Part of the problem with moderation is that it is very hard to do well. For example, moderating for "decency". What is decent conduct depends on the person's perspective. If I have a strong moral objection to something you are talking about, then to me you saying so is indecent. Palantir is a controversial example but I think there was some controversy about "just talking about technology" when they are involved on here or on Lobsters. On the other hand, to them bringing up political disagreements with how the technology is used is not decent and kind, but introducing politics where it isn't needed. I'm not really sure how you square those two. Or to use a different example, to some people it is indecent and unkind to suggest that diversity, equity and inclusion policies do more harm than good to workplaces. So if there were an HN thread about a tech company changing their DEI policies, do those people get to decide that any anti-DEI comments are unkind and should be moderated away? For the people making them, they don't feel they're doing anything wrong. Moderation should, in my view, always result in a reasonable person thinking to himself "I'm not sure I agree with the decision, but it is a decision that a reasonable person could reasonably have made in all the circumstances." If that's the case, then at least people don't feel hard-done-by.
Part of the issue is that online there doesn't seem to be as much scope of agreement on what is and isn't acceptable, other than illegal material like child pornography, and "NSFW" except in places where that content is clearly allowed. But websites where people can make comments vary between those where you are permitted to directly insult others using slurs (like 4chan and to some extent Twitter and Reddit depending on the moderation policy of the subreddit, where you are expected to just deal with it) all the way to websites where any kind of unkind comment is against the rules (like the Rust subreddit, for example, where the result is a different and more euphemistic kind of toxicity).
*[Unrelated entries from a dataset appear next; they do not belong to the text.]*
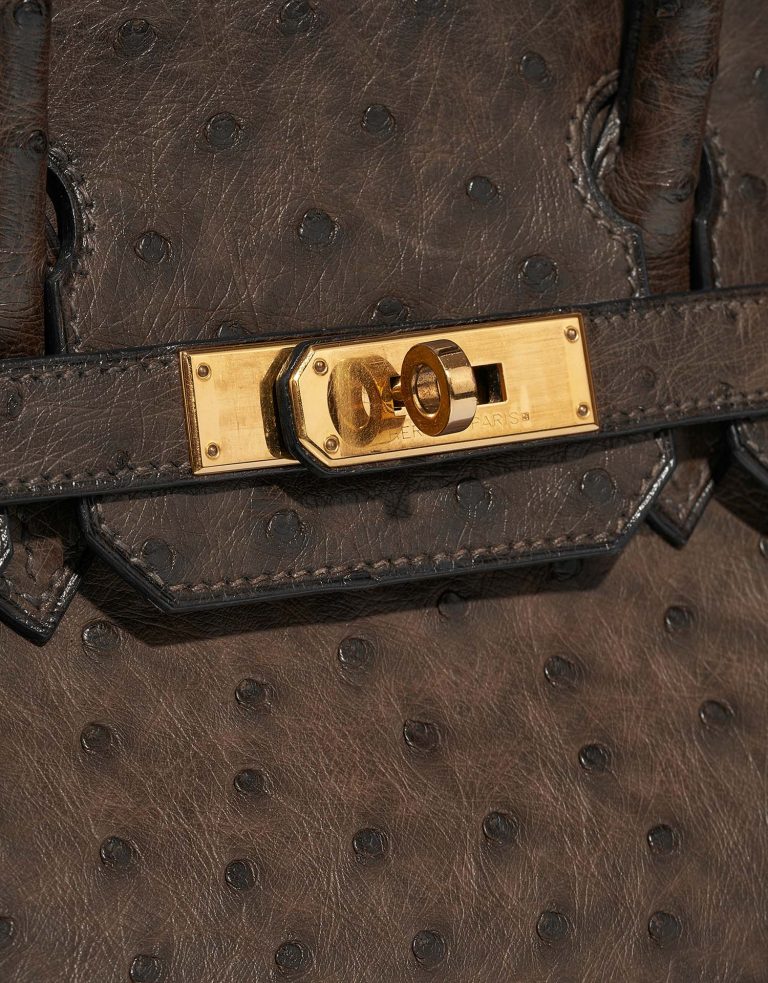 Hermès Birkin 30 Marron Closing System  | Sell your designer bag on Saclab.com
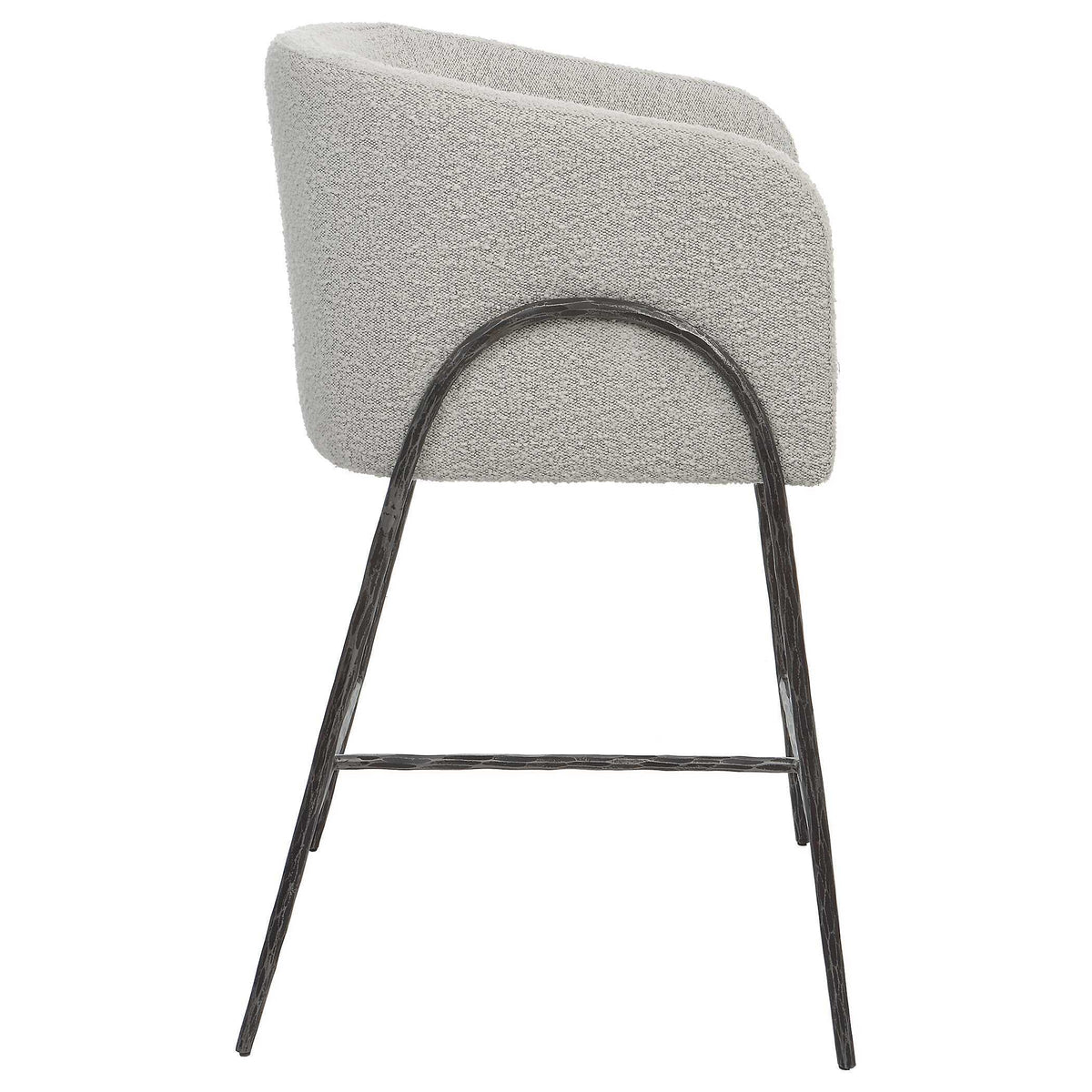 Jacobsen 27" Counter Stool - Light Gray by Uttermost - View 5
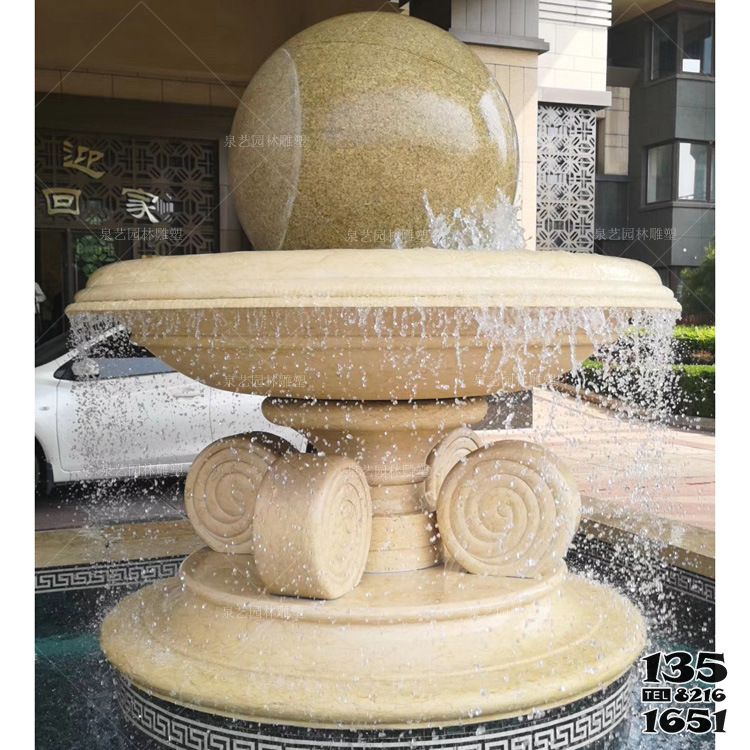 風水球雕塑-景區商場大理石風水球噴泉雕塑 風水球雕塑-景區商場大理石風水球噴泉雕塑高清圖片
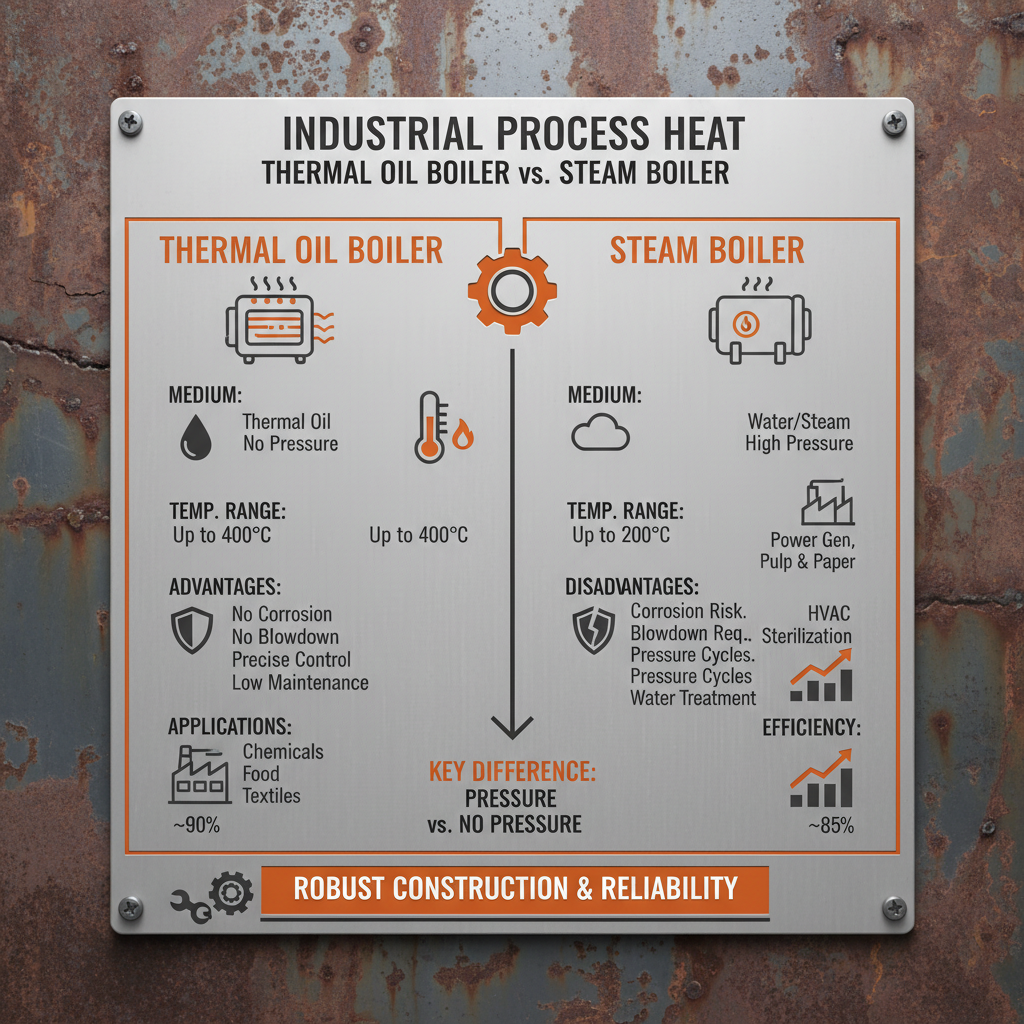 Exploring Thermal Oil Boiler vs Steam Boiler for Industrial Heating Applications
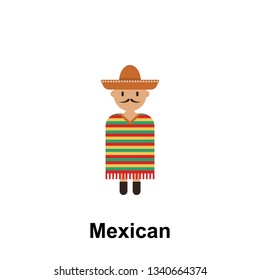 Mexican, man cartoon icon. Element of People around the world color icon. Premium quality graphic design icon. Signs and symbols collection icon for websites, web design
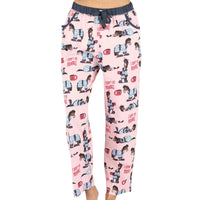 I Don't Do Mornings Moose Women's Regular Fit Moose PJ Pant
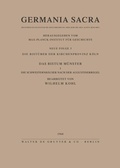 Cover: Die Bist&uuml;mer der Kirchenprovinz K&ouml;ln. Das Bistum M&uuml;nster I. Die Schwesternh&auml;user nach der Augustinerregel - De Gruyter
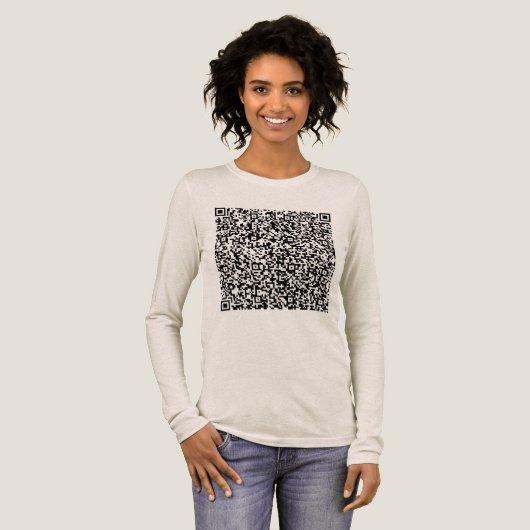 Uw QR-code scaninfo gepersonaliseerd grappig Tri-Blend Shirt (Voorkant)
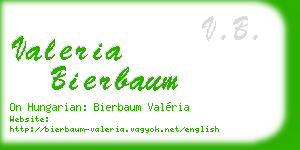 valeria bierbaum business card
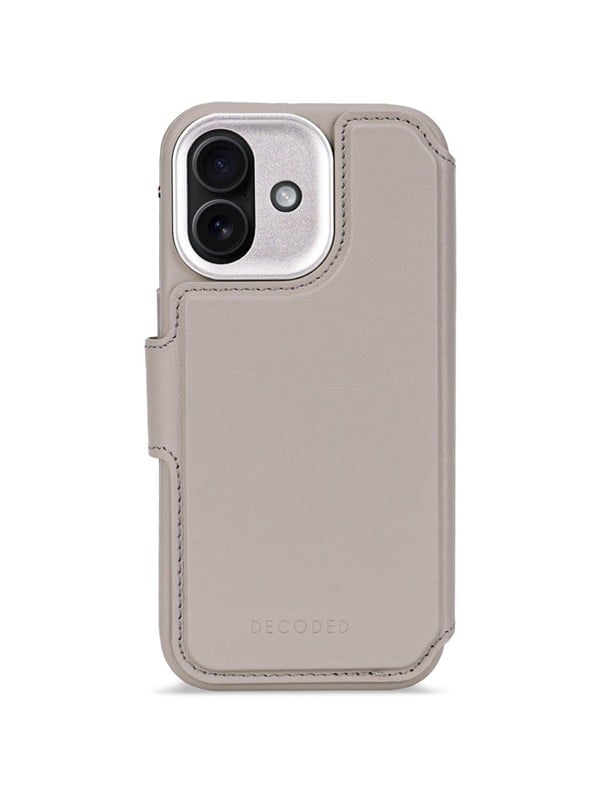 Decoded - Leather Detachable Wallet for iPhone 17 - Solid Clay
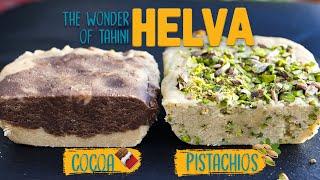 How to make HELVA at HOME  | 2 Halva Recipes 1.Pistachios 2.Cocoa + Refika’s Special Oven Helva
Moderating fairly is difficult, and kindness isn't always a good thing. When you use a metric, you end up working to the metric rather than the real goal. If you moderate to require everyone to be nice, what you end up getting is people writing things that are superficially nice - they don't use nasty slurs and they don't directly say anything nasty at all - but they are toxic in their own way. You only need to look at the discourse around the recent Rust controversies to see this: everything is communicated by people saying they're "uncomfortable" or "uneasy" about things rather than saying "I think this decision was bad and that people operating behind closed doors while preaching openness are dishonest bad-faith actors that should leave the project" which is pretty obviously what they're actually thinking, IMO. I think this euphemistic way of working is particularly American, but I don't want to overgeneralise.
I'm sorry, my comment doesn't really address all of your points. All I can really say is that I agree that it's a big problem and it's not clear how to solve it. The obvious solutions like "make everyone be kind" don't work, but neither does not moderating at all for obvious reasons.